EXERCISE INSTRUCTIONS:
Output a faithful copy of the entries, every picture removed.

(Beginning of DATA)

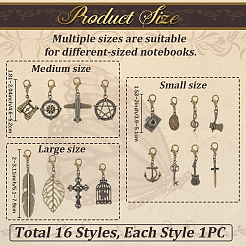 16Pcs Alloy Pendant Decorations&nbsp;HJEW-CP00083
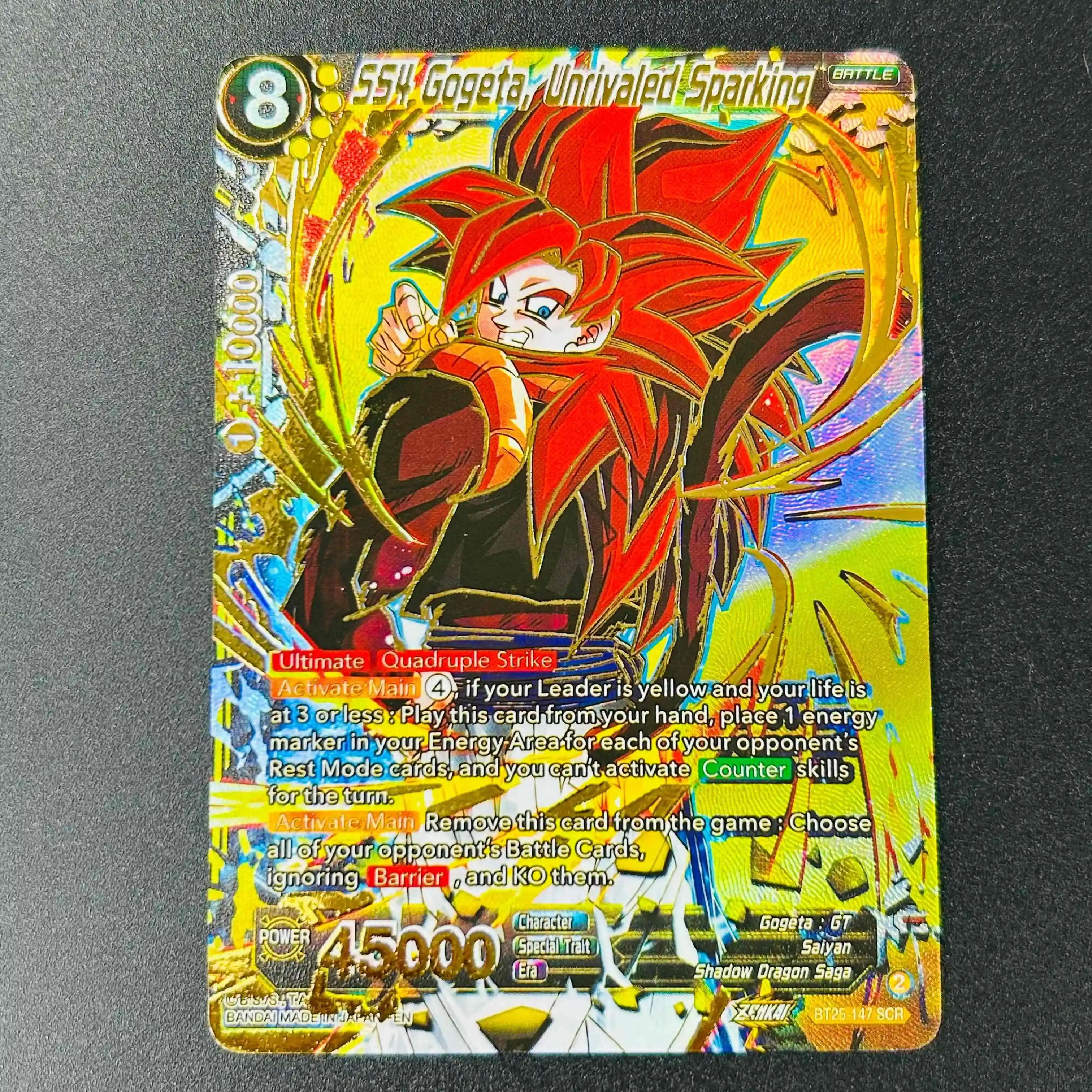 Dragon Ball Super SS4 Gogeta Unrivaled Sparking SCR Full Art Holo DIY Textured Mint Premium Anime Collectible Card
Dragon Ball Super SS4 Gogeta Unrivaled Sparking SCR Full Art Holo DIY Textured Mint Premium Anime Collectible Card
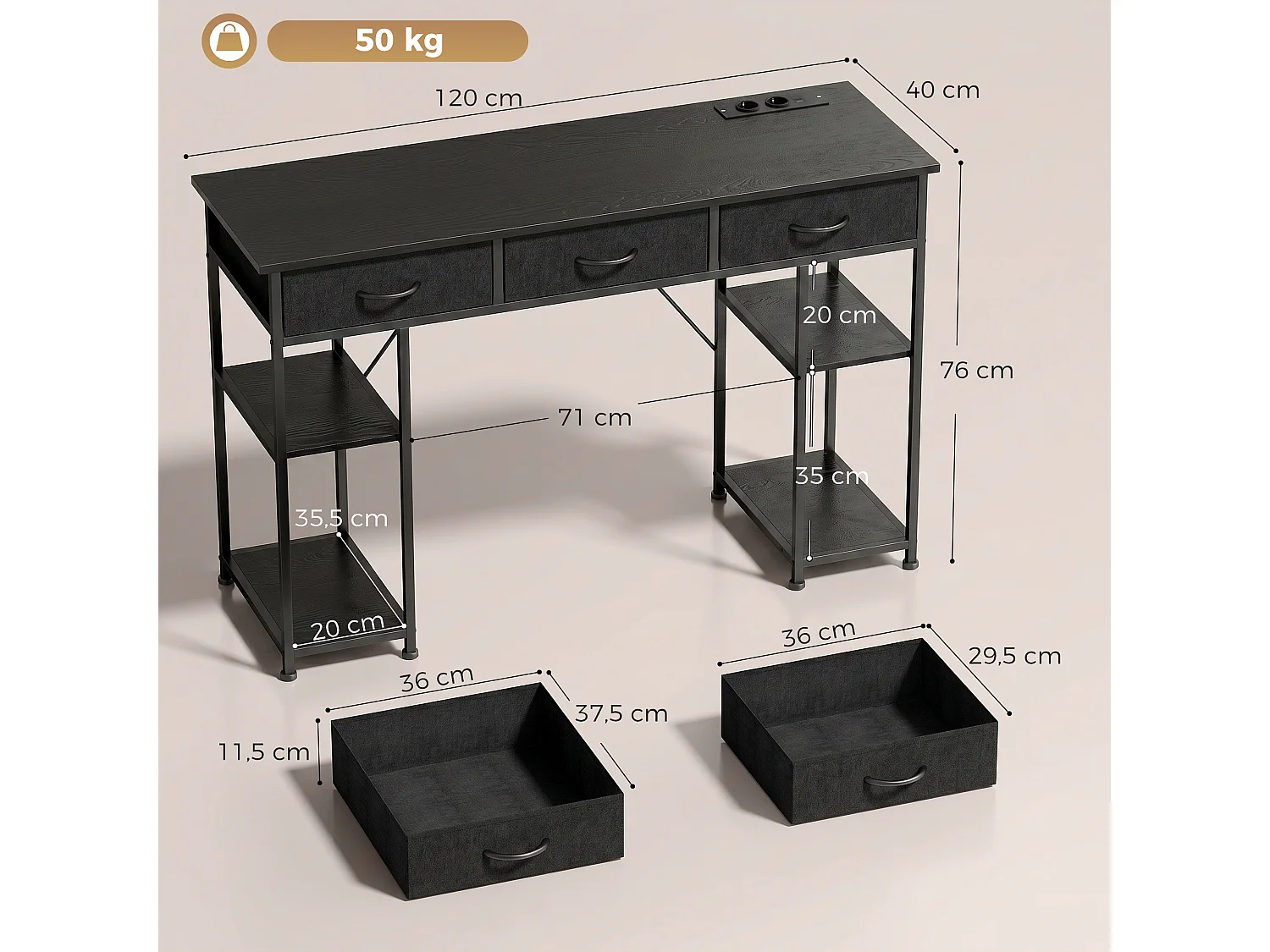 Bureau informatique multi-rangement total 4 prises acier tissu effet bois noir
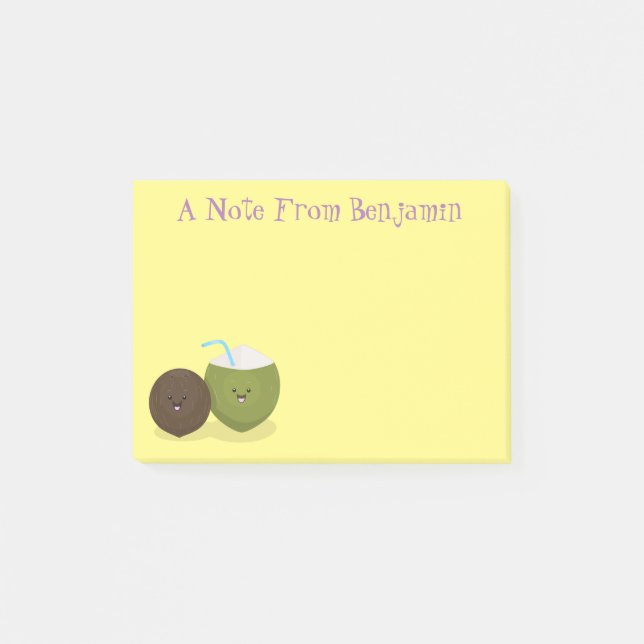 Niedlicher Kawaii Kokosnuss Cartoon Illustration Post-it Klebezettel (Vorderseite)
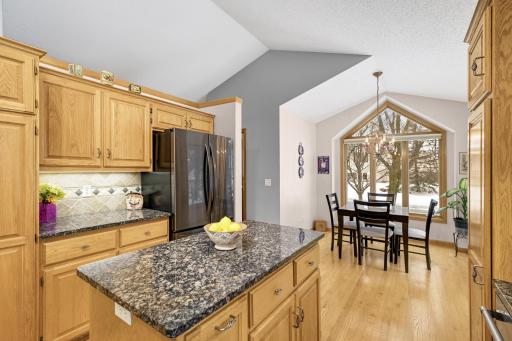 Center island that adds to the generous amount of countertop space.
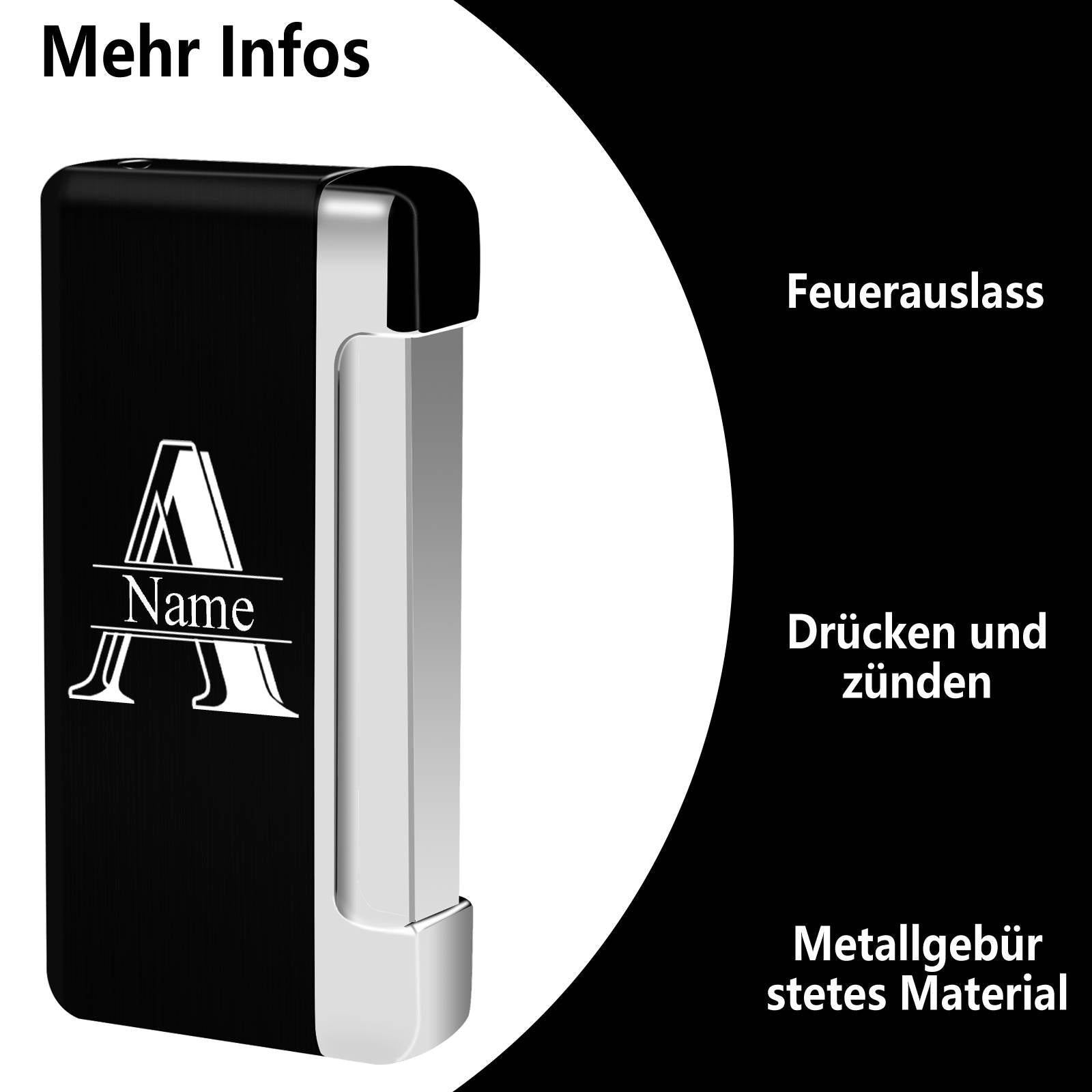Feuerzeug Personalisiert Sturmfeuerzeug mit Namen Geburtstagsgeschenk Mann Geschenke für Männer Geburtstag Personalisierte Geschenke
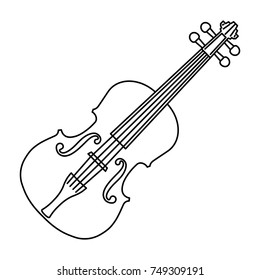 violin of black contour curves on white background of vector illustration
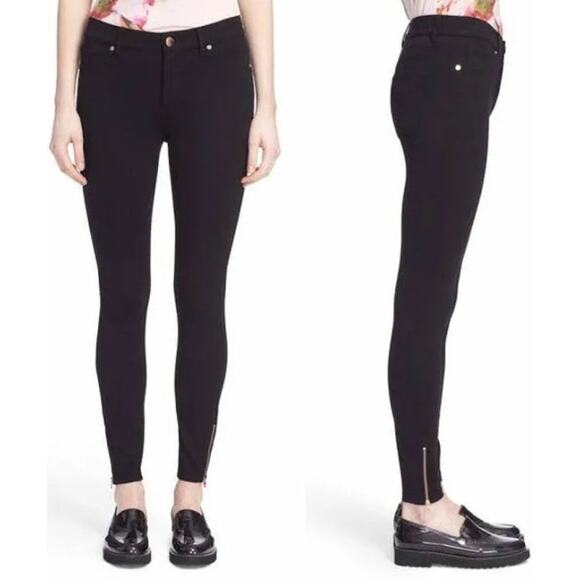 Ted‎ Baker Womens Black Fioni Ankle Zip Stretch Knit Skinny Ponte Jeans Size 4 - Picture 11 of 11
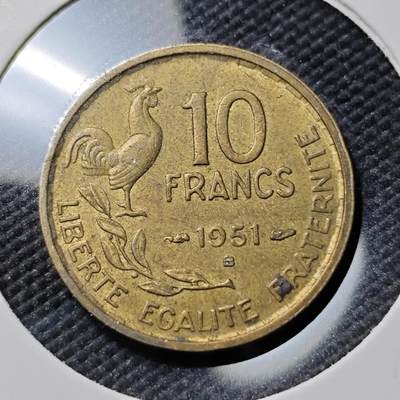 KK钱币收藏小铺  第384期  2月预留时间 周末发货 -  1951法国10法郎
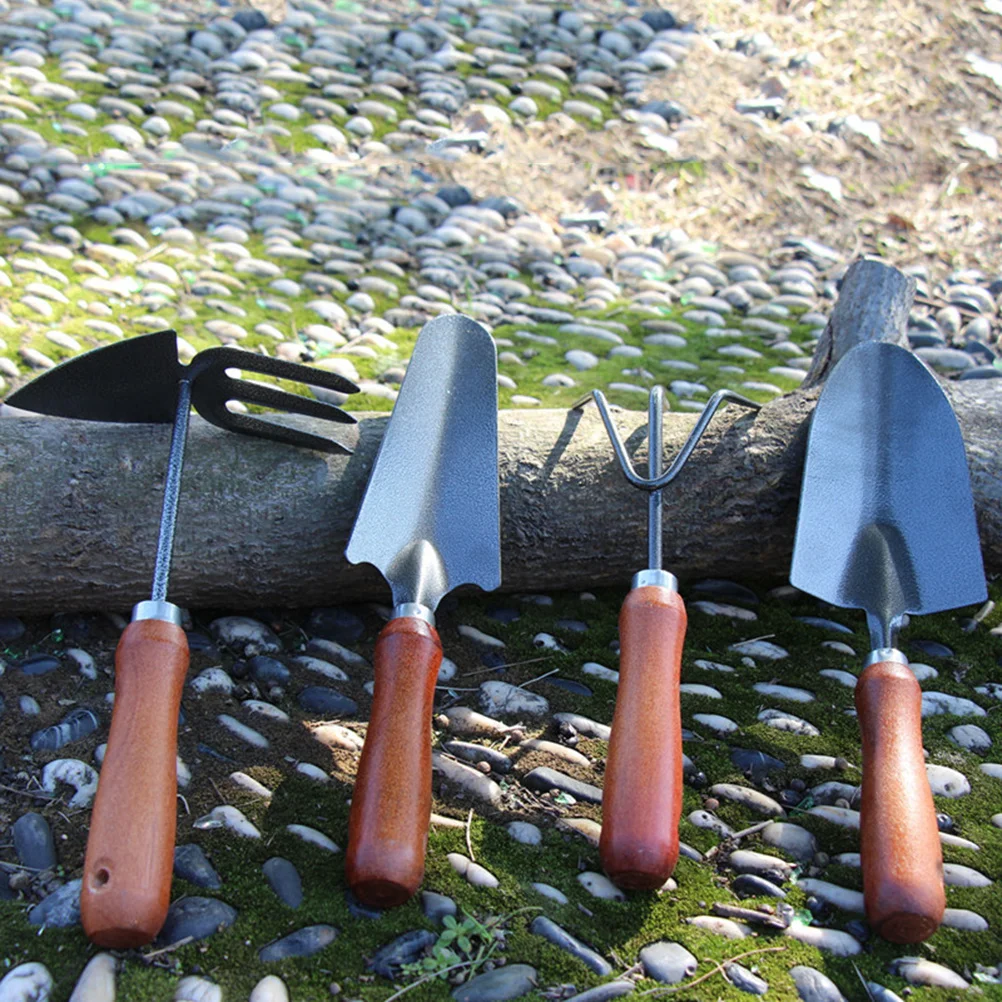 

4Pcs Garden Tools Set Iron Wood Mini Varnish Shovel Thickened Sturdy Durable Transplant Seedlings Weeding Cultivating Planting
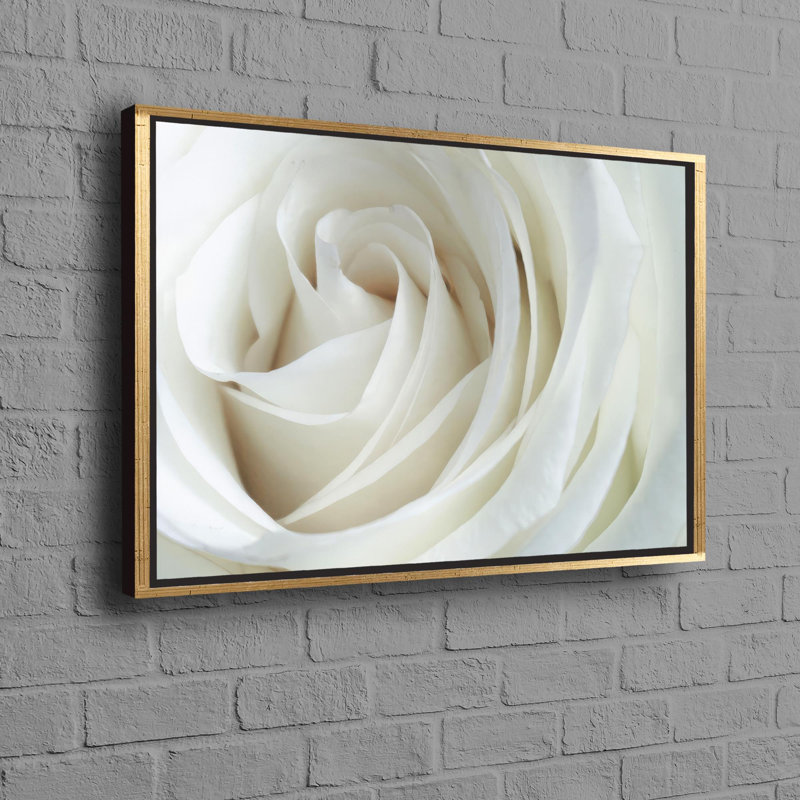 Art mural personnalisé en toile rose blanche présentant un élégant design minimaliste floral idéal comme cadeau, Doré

(End of DATA)

TASK RESPONSE:
 16Pcs Alloy Pendant Decorations&nbsp;HJEW-CP00083
 Dragon Ball Super SS4 Gogeta Unrivaled Sparking SCR Full Art Holo DIY Textured Mint Premium Anime Collectible Card
Dragon Ball Super SS4 Gogeta Unrivaled Sparking SCR Full Art Holo DIY Textured Mint Premium Anime Collectible Card
 Bureau informatique multi-rangement total 4 prises acier tissu effet bois noir
 Niedlicher Kawaii Kokosnuss Cartoon Illustration Post-it Klebezettel (Vorderseite)
 Center island that adds to the generous amount of countertop space.
Feuerzeug Personalisiert Sturmfeuerzeug mit Namen Geburtstagsgeschenk Mann Geschenke für Männer Geburtstag Personalisierte Geschenke
 violin of black contour curves on white background of vector illustration
 Ted‎ Baker Womens Black Fioni Ankle Zip Stretch Knit Skinny Ponte Jeans Size 4 - Picture 11 of 11
 KK钱币收藏小铺  第384期  2月预留时间 周末发货 -  1951法国10法郎

4Pcs Garden Tools Set Iron Wood Mini Varnish Shovel Thickened Sturdy Durable Transplant Seedlings Weeding Cultivating Planting
 Art mural personnalisé en toile rose blanche présentant un élégant design minimaliste floral idéal comme cadeau, Doré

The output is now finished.